Na zakończenie krótkiej rozmowy, Lewandowski zażartował jeszcze z komentarzy Tomasza Hajty. Tomek zawsze był technicznym zawodnikiem więc wie jak to jest. – powiedział ze śmiechem.
Zwycięstwo Polaków
Polska pokonała Czarnogórę 2:1 (1:0) w meczu eliminacji Mistrzostw Świata, które odbędą się w przyszłym roku w Rosji. Gole dla polskiej drużyny w Podgoricy zdobyli Robert Lewandowski oraz Łukasz Piszczek. Gospodarze musieli się zadowolić jedynie trafieniem Stefana Mugosy.
Pierwsza połowa była pełna walki na boisku z obu stron. Jednak w tym chaosie lepiej odnajdywali się podopieczni Adama Nawałki. Przeprowadzili kilka bardzo groźnych akcji.

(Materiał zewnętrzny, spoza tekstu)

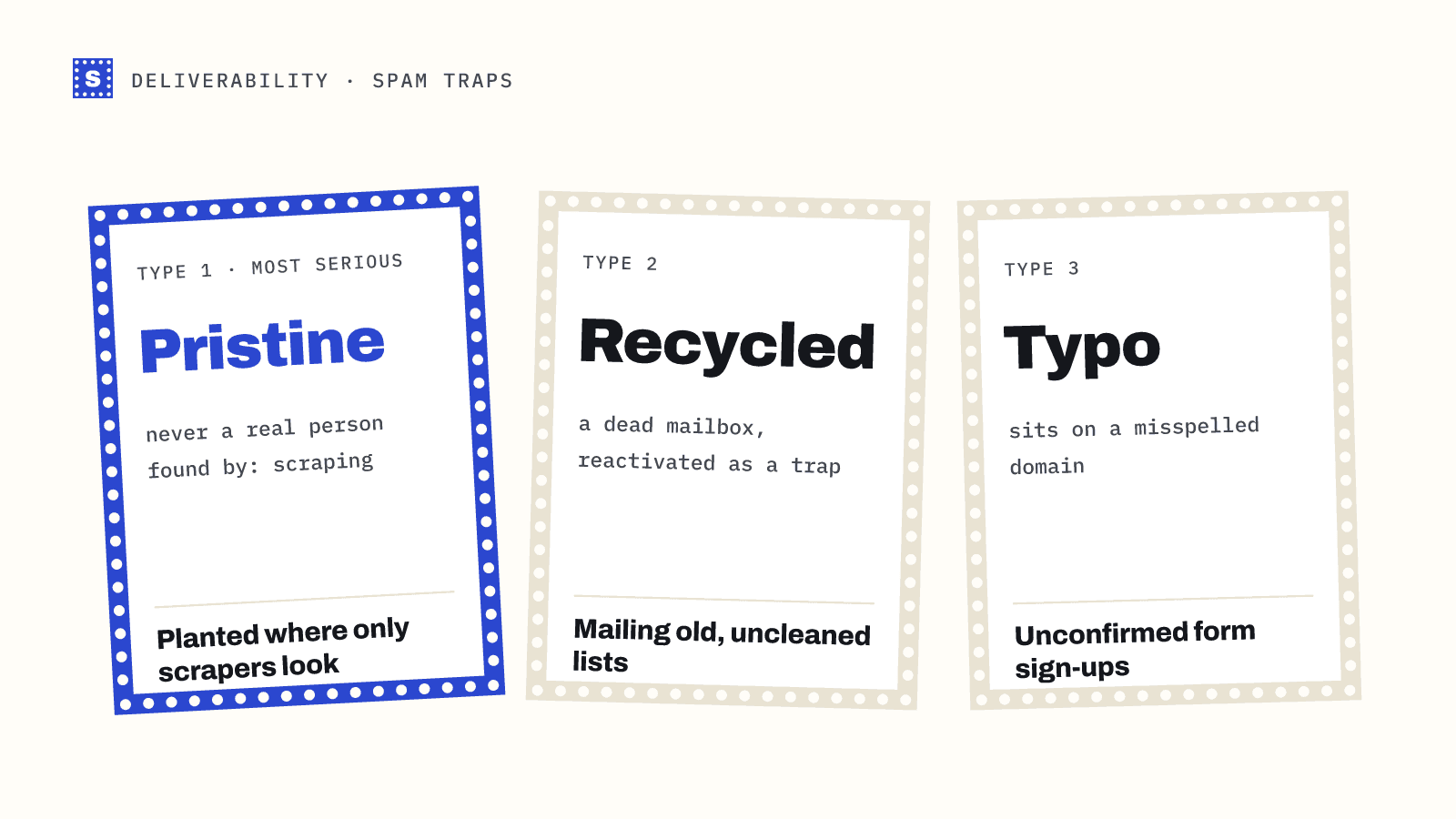Three stamped cards for the main types of spam trap: pristine, recycled and typo traps, with how senders usually reach each one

Szczególnie widoczni w ofensywie widoczni byli Kamil Grosicki oraz Robert Lewandowski.
W jednej z trójkowych akcji Lewandowski zagrywał do Grosickiego, a ten oddał piłkę Piotrowi Zielińskiemu, który jednak nie przyjął piłki i obrońcy z Czarnogóry wyjaśnili sytuację. Polacy przeważali wizualnie i przyniosło to skutek w 40. minucie. Robert Lewandowski precyzyjnie przymierzył z rzutu wolnego wykonywanego 20 metrów od bramki i tym samym dał prowadzenie naszej reprezentacji. Do przerwy wynik meczu już się nie zmienił. Polska prowadziła w trudnym meczu z Czarnogórą 1:0.

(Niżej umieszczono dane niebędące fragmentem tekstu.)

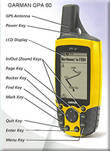 Garmin GPS 60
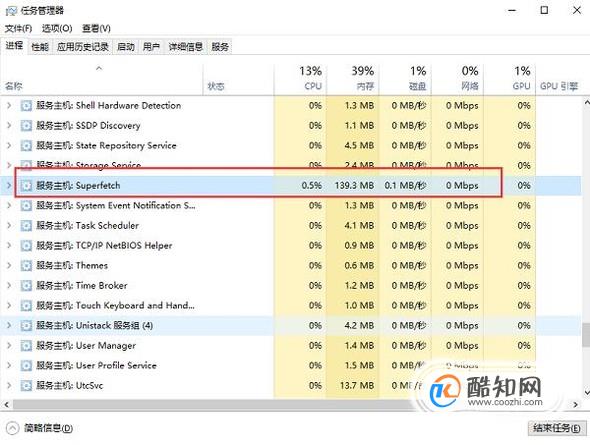 怎么解决升级Win10之后硬盘占用100%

Druga połowa również nie była piękna pod względem futbolu. Na boisku było dużo agresji, szczególnie ze strony Czarnogórców, którzy w ten sposób próbowali zdeprymować polskich zawodników. Polacy jednak konsekwentnie budowali akcje ofensywne i to oni byli lepszą jakościowo drużyną.
W 58. minucie gorąco było pod bramką Łukasza Fabiańskiego, gdy groźnie strzelał Stefan Mugosa. Czarnogórzec jednak nie trafił w światło bramki. Chwilę później Lewandowski dwukrotnie stanął przed szansą podwyższenia rezultatu. W obu próbach lepsi byli defensorzy drużyny gospodarzy. Niestety, ta sytuacja bardzo szybko się zemściła i w 62. minucie Mugosa mocnym strzałem głową pokonał Fabiańskiego. Od tego momentu Czarnogóra zaczęła dominować na boisku.

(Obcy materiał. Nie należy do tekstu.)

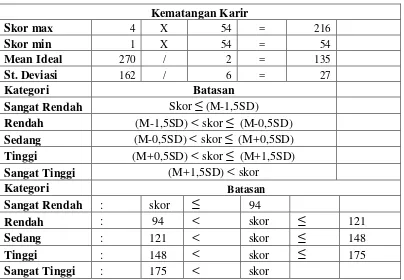 Tabel 6. Kategori Kematangan Karir 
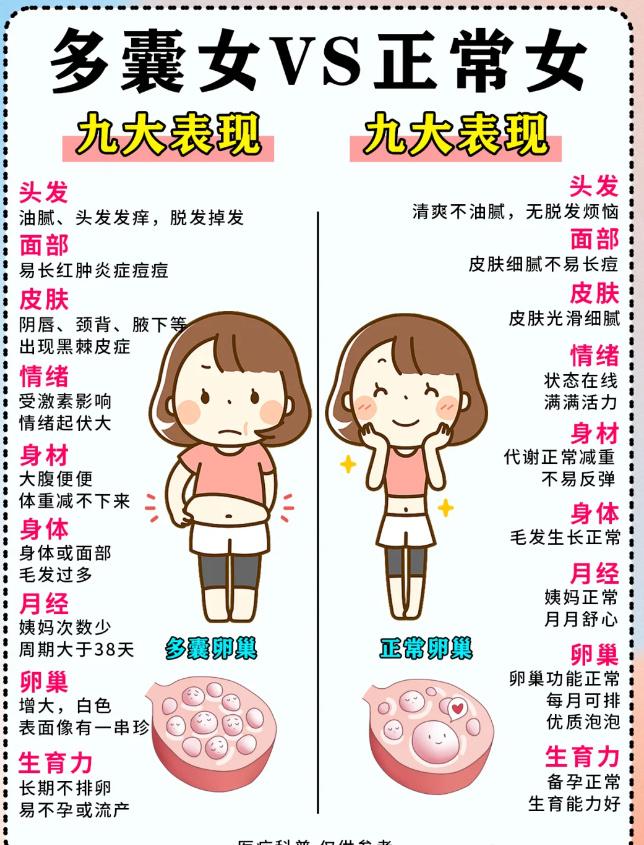 多囊可以用中医调理好吗(多囊可以用中医调理好吗女性)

Polscy piłkarze jednak potrafili się podnieść z kryzysu. W 81. minucie znów wyszli na prowadzenie. Piotr Zieliński odegrał do Łukasza Piszczka, a ten przelobował czarnogórskiego bramkarza i trafił do siatki rywali. Polacy mimo trudów spotkania utrzymali wynik do końca i mogli cieszyć się z kolejnych trzech punktów dopisanych w grupie eliminacji do Mistrzostw Świata.